:: Supplied information ::

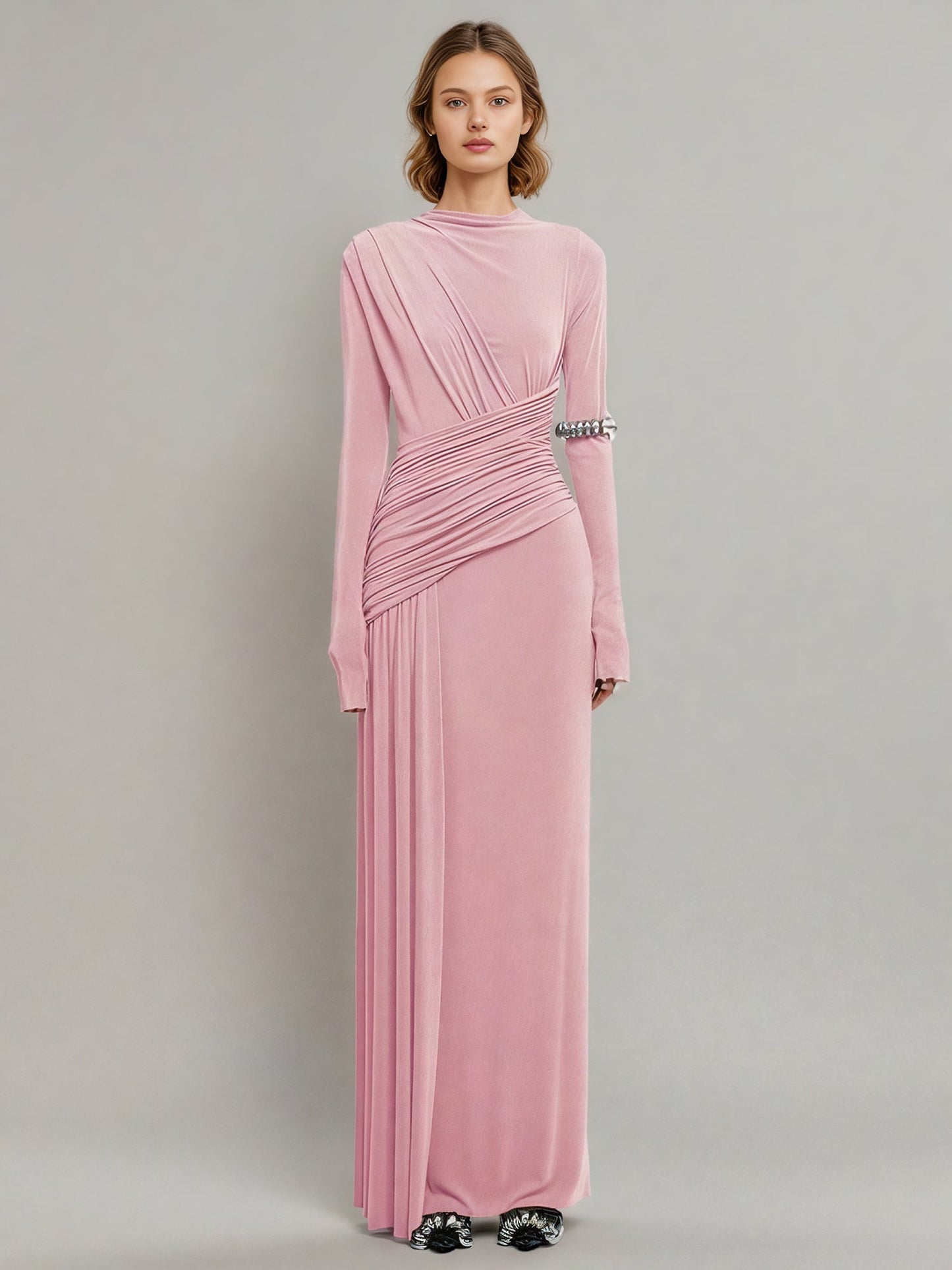 Blush Pink Ruched Long Sleeve Maxi Dress - SISPELL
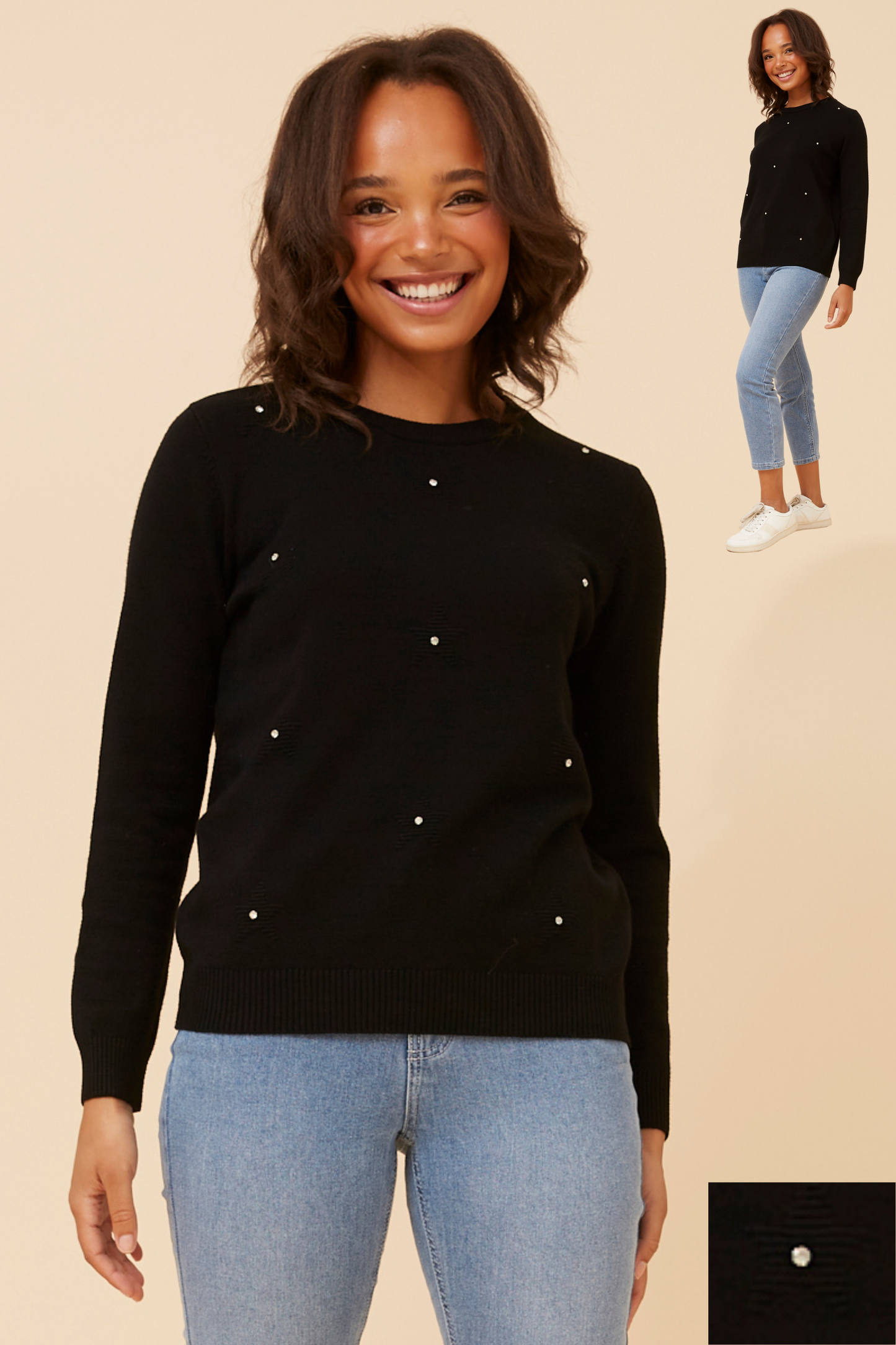 Berita Pearl Detail Knit KP525906 Black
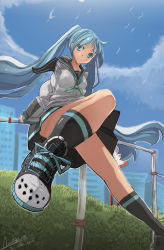 Rule 34 | 1girl, 2010, dated, day, faustsketcher, foreshortening, hatsune miku, horizontal bar, long hair, perspective, school uniform, shoes, sneakers, solo, very long hair, vocaloid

:: Exercise objective ::
Word for word, output the whole listing, but not its pictures.

:: Output ::
 Blush Pink Ruched Long Sleeve Maxi Dress - SISPELL
 Berita Pearl Detail Knit KP525906 Black
 Rule 34 | 1girl, 2010, dated, day, faustsketcher, foreshortening, hatsune miku, horizontal bar, long hair, perspective, school uniform, shoes, sneakers, solo, very long hair, vocaloid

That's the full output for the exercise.